• [REQUIREMENT] Please, without any pictures, set down exactly the part of the listing below that opens with the line containing "Insegnamenti Iniziatici nella" and closes with the line containing "Дисплей для Samsung".

• [GIVEN RECORDS]
******************************
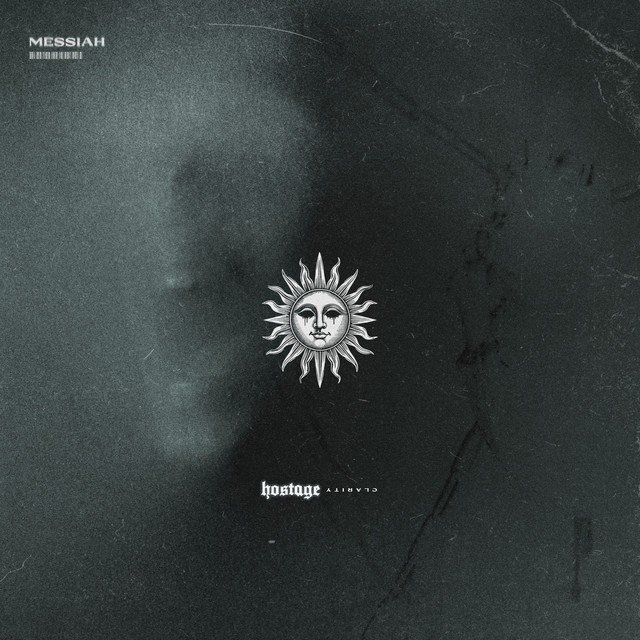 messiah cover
******************************
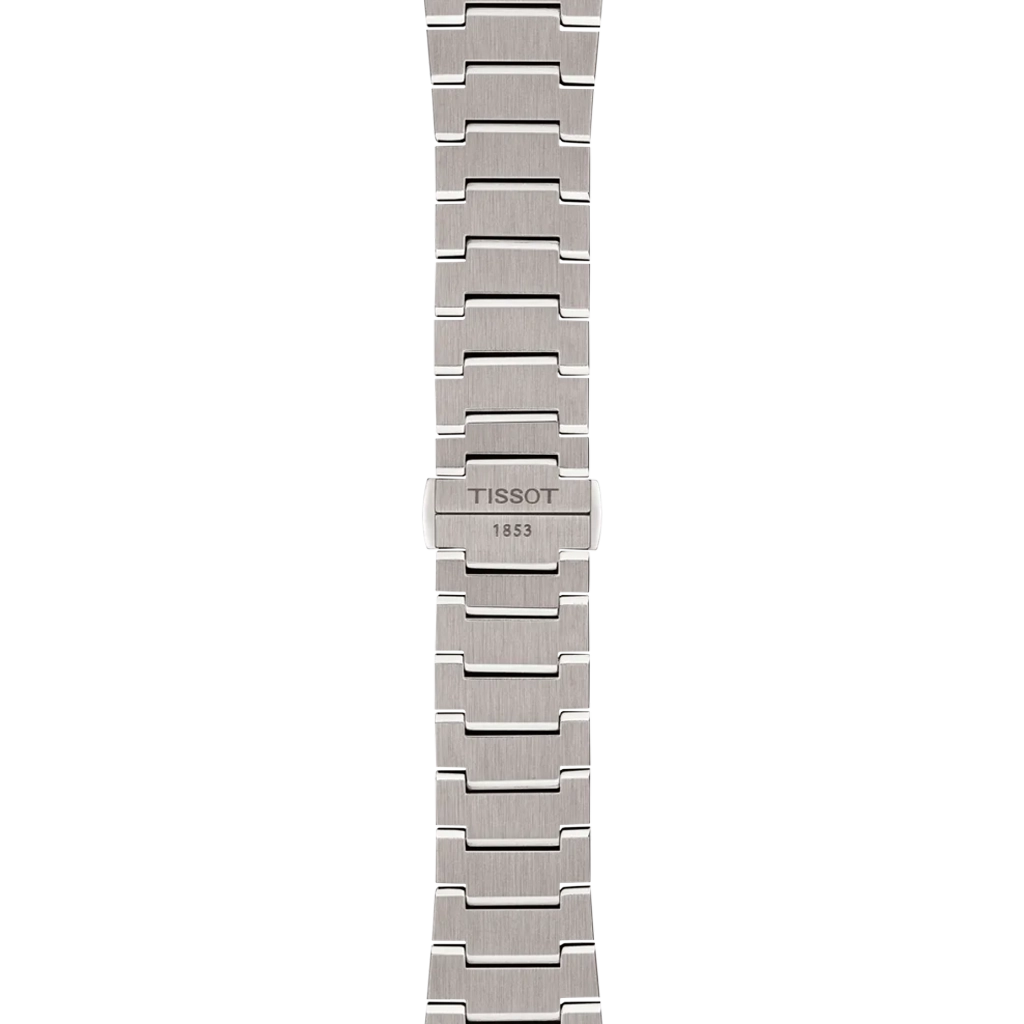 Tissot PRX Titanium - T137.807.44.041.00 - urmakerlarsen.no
******************************
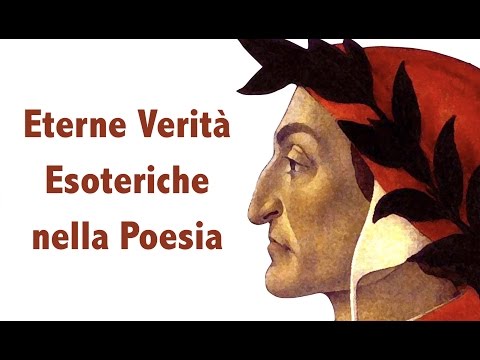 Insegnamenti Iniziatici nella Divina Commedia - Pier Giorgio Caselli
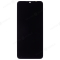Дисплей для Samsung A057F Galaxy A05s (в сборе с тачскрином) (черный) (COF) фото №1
******************************
• [TASK RESPONSE]
 Insegnamenti Iniziatici nella Divina Commedia - Pier Giorgio Caselli
Дисплей для Samsung A057F Galaxy A05s (в сборе с тачскрином) (черный) (COF) фото №1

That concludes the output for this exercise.